The test harness provides a standardized way to run conformance tests against any PTA implementation.

Quick Start¶

# Run all Beancount tests
python runners/python/runner.py --manifest ../beancount/v3/manifest.json

# Run specific suite
python runners/python/runner.py --manifest ../beancount/v3/manifest.json --suite syntax/valid

# Output JSON results
python runners/python/runner.py --manifest ../beancount/v3/manifest.json --format json > results.json

# Filter by tags
python runners/python/runner.py --manifest ../beancount/v3/manifest.json --tags booking,fifo

Directory Structure¶

harness/
├── README.md              # This file
├── spec.md                # Test format specification
├── interface.md           # Runner interface specification
├── manifest.schema.json   # JSON Schema for manifest files
├── test-case.schema.json  # JSON Schema for test cases
└── runners/
    ├── python/            # Reference Python runner
    │   ├── runner.py      # Main entry point
    │   └── loader.py      # Test case loading
    └── rust/              # Rust runner (template)
        ├── Cargo.toml
        └── src/main.rs

Test Organization¶

Tests are organized by format and version:

tests/
├── beancount/v3/
│   ├── manifest.json      # Test suite manifest
│   ├── syntax/valid/      # Valid syntax tests
│   ├── syntax/invalid/    # Invalid syntax tests
│   ├── validation/        # Semantic validation
│   ├── booking/           # Booking algorithm tests
│   ├── bql/               # Query language tests
│   └── regression/        # Bug fix tests
├── ledger/v1/
│   └── ...
└── hledger/v1/
    └── ...

Writing Tests¶

Test Case Format¶

{
  "id": "unique-test-id",
  "description": "What this test verifies",
  "input": {
    "inline": "2024-01-01 open Assets:Bank"
  },
  "expected": {
    "parse": "success",
    "directives": 1
  },
  "tags": ["open", "directive"]
}

Input Types¶

Inline content:

"input": {
  "inline": "2024-01-01 * \"Test\"\n  Assets:A  100 USD\n  Assets:B"
}

External file:

"input": {
  "file": "fixtures/complex-example.beancount"
}

Expected Outcomes¶

"expected": {
  "parse": "success|error",
  "validate": "success|error|skip",
  "directives": 5,
  "error_count": 2,
  "error_contains": ["balance", "failed"],
  "balance": {
    "Assets:Bank": {"USD": "1000.00"}
  }
}

Running Tests¶

Command Line Options¶

Option	Description
`--manifest PATH`	Path to manifest.json (required)
`--suite NAME`	Run only specific test suite
`--test ID`	Run single test by ID
`--tags TAG,...`	Filter by tags
`--format tap\\|json`	Output format (default: tap)
`--verbose`	Show detailed output
`--fail-fast`	Stop on first failure

Output Formats¶

TAP (Test Anything Protocol):

TAP version 14
1..164
ok 1 - empty-file: Empty file is valid
ok 2 - comment-only: File with only comments
not ok 3 - invalid-date: Invalid date format
  ---
  expected: parse error
  actual: parse success
  ...

JSON:

{
  "summary": {
    "total": 164,
    "passed": 160,
    "failed": 3,
    "skipped": 1
  },
  "results": [...]
}

Implementing a Runner¶

See interface.md for the runner interface specification.

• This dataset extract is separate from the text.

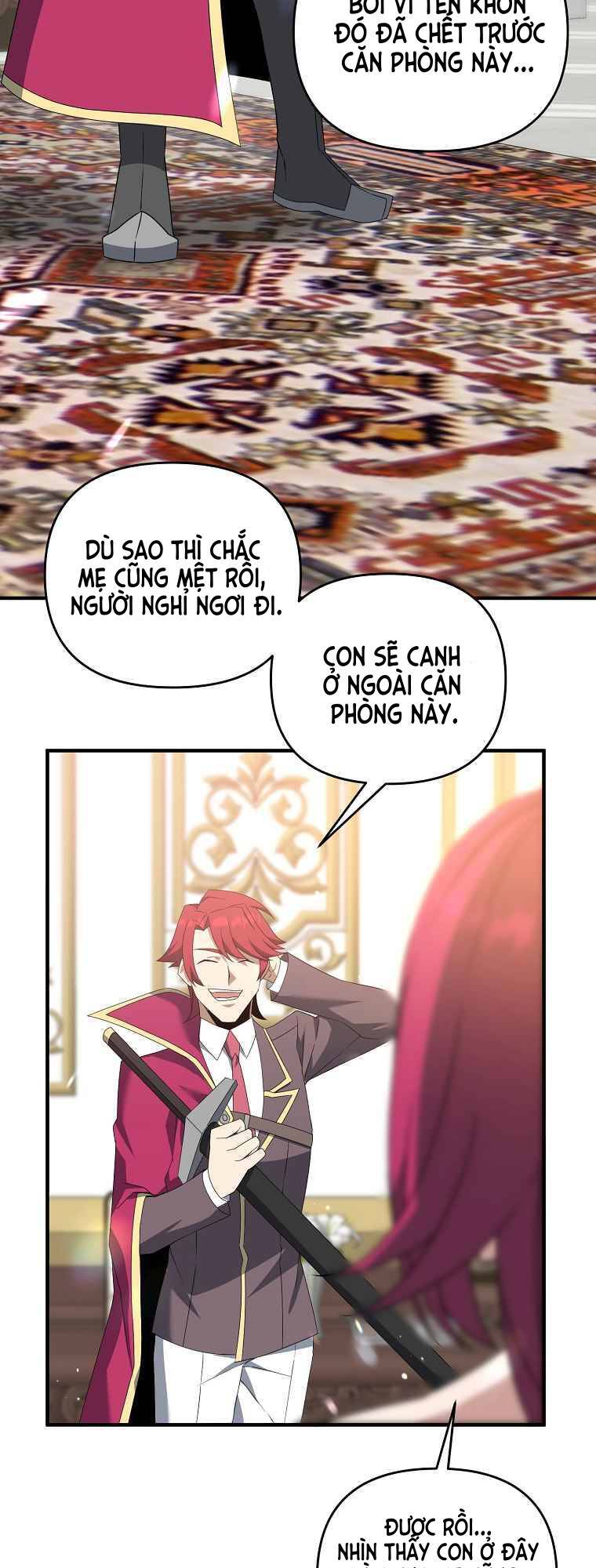 Bậc Thầy Kiếm Sĩ Lười Biếng Chapter 5 - 25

Requirements: 1. Parse manifest.json to find test suites 2. Load tests.json from each suite directory 3. Execute tests against target implementation 4. Compare actual vs expected results 5. Output results in TAP or JSON format

Conformance Levels¶

Tests are tagged by conformance level:

Level	Required Tests
1 - Parse	syntax/valid, syntax/invalid
2 - Validate	Level 1 + validation
3 - Query	Level 2 + bql
4 - Full	All tests